かつて「イケメンシェフ」として一世を風靡した川越達也さん。代官山の人気店『タツヤカワゴエ』は2ヶ月先まで予約が取れないほどの盛況ぶりでしたが、いつの間にかテレビから姿を消してしまいましたよね。
あの川越シェフのお店は今どうなっているのか、気になっている方も多いのではないでしょうか。実は全店が閉店しているんです。
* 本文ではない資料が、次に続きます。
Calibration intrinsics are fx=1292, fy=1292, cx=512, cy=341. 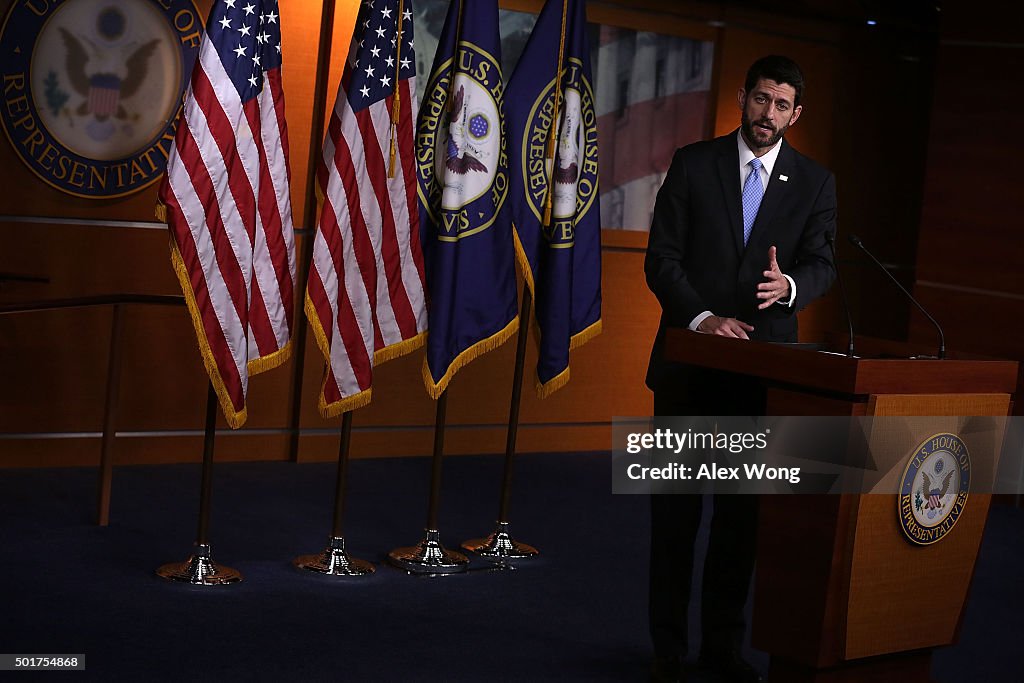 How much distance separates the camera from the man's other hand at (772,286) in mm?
3582

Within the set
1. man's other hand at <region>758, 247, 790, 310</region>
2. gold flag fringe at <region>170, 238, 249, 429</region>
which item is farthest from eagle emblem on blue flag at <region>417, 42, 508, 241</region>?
man's other hand at <region>758, 247, 790, 310</region>

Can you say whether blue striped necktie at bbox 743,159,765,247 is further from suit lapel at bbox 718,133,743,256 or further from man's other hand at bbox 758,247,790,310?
man's other hand at bbox 758,247,790,310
ただ、2024年にはYouTubeチャンネルを開設するなど新たな動きも出てきています。川越シェフの店の現在と、長野での生活、そして最新の活動状況について詳しく見ていきましょう。
川越シェフの店の現在は?全店閉店から新たな展開へ
- 代官山『タツヤカワゴエ』をはじめ、渋谷・白金台・宮崎の全店が閉店済み
- 2019年に銀座『MANDA GINZA』のプロデュースで飲食業に復帰
- 現在は長野県を拠点に3姉妹の父として子育て中、東京・宮崎との3拠点生活
- 2024年7月にYouTubeチャンネル「川越シェフだよ。」を開設し本格復帰
- レストランのコンサル・商品プロデュース・YouTube活動が現在の仕事の柱
| 名前 | 川越達也(かわごえ たつや) |
|---|---|
| 生年月日 | 1972年3月7日 |
| 出身地 | 宮崎県東諸県郡国富町 |
| 職業 | 料理人・フードプロデューサー・YouTuber |
| 代表店 | TATSUYA KAWAGOE(代官山・閉店) |
| 現在の活動 | YouTube「川越シェフだよ。」、レストランコンサル、商品プロデュース |
川越達也さんがオーナーシェフとして経営し、かつては2ヶ月先まで予約が取れないほどの人気を誇った代官山の高級イタリアンレストラン『タツヤカワゴエ』。この本店を含め、チェーン展開していた渋谷の「ピンク」、白金台の「プラチナ」、出身地・宮崎県の「タツヤカワゴエ宮崎」「居酒屋ぴりり」まで、全店が閉店しています。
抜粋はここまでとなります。